In another example of the hacking, officials said defendants and others broke into computer servers of HBGary company in California and Colorado, including about 60,000 emails and posted them on a file-sharing website.
In a May 2011 hack on Sony Pictures, some of the defendants stole confidential information of about 100,000 users of the Sony Pictures website, including passwords, email addresses, home addresses and dates of birth.

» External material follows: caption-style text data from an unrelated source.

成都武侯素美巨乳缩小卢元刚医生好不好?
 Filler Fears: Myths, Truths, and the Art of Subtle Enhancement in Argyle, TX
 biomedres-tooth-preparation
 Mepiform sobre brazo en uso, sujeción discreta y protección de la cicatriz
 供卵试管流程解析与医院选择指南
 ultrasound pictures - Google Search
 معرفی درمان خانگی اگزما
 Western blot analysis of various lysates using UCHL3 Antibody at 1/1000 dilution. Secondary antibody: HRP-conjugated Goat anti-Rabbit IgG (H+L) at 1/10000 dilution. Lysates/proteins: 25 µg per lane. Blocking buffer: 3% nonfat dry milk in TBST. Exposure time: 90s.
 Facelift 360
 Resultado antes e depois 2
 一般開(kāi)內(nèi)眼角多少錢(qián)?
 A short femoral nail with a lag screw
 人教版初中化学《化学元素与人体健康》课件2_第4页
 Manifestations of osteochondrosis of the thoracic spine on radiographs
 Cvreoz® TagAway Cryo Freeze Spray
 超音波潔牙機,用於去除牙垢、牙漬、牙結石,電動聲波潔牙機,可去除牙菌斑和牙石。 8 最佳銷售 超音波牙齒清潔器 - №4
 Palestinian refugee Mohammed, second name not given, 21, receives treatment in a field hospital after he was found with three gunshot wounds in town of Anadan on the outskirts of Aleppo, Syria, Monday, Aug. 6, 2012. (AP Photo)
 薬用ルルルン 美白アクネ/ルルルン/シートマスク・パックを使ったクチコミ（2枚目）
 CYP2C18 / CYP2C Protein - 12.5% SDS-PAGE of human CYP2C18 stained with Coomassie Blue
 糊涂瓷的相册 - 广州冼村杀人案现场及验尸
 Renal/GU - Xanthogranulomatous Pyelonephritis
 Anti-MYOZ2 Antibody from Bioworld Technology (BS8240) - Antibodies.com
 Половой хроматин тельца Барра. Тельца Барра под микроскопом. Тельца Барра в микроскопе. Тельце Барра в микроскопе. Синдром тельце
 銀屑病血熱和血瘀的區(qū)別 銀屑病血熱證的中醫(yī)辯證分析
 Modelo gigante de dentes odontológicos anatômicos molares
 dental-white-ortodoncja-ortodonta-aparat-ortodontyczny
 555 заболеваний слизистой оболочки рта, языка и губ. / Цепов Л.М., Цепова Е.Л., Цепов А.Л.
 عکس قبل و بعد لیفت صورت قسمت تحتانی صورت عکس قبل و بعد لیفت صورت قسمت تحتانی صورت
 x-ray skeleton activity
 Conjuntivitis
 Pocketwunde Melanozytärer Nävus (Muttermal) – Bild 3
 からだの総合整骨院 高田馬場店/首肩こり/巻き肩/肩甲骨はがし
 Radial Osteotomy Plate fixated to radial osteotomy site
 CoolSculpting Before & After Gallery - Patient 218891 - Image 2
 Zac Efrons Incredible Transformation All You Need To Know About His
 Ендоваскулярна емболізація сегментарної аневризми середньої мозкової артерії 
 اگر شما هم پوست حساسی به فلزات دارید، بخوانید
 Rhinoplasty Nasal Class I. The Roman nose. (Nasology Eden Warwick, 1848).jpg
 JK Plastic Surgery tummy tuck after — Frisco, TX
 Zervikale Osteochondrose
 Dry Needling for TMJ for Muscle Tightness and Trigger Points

"I personally participated in cyber attacks on the systems of HBGary and Fox, resulting in a loss of more than $5,000, and I knew my conduct was illegal," Monsegur confessed in August at his plea proceeding.
Last summer, as part of a coordinated law enforcement raid on the group, British police arrested Jake Davis, another suspected member of LulzSec who went by the nickname "Topiary."
One of the cases announced on Tuesday was against Davis, a teenager accused of computer attacks on Sony, UK crime and health authorities, and Rupert Murdoch's UK newspaper arm News International, a unit of News Corp.
Davis is believed to have controlled the main Twitter account of Lulz Security, which the group used to publish data obtained by hacking into corporate and government networks.
LulzSec has more than 350,000 followers on Twitter.
Last month, Anonymous published a recording of a confidential call on January 17 between the FBI and London detectives in which the agents discussed action against hackers. One of the six arrested on Tuesday was Donncha O'Cearrbhail, 19, of Ireland, who was charged over the telephone intercept.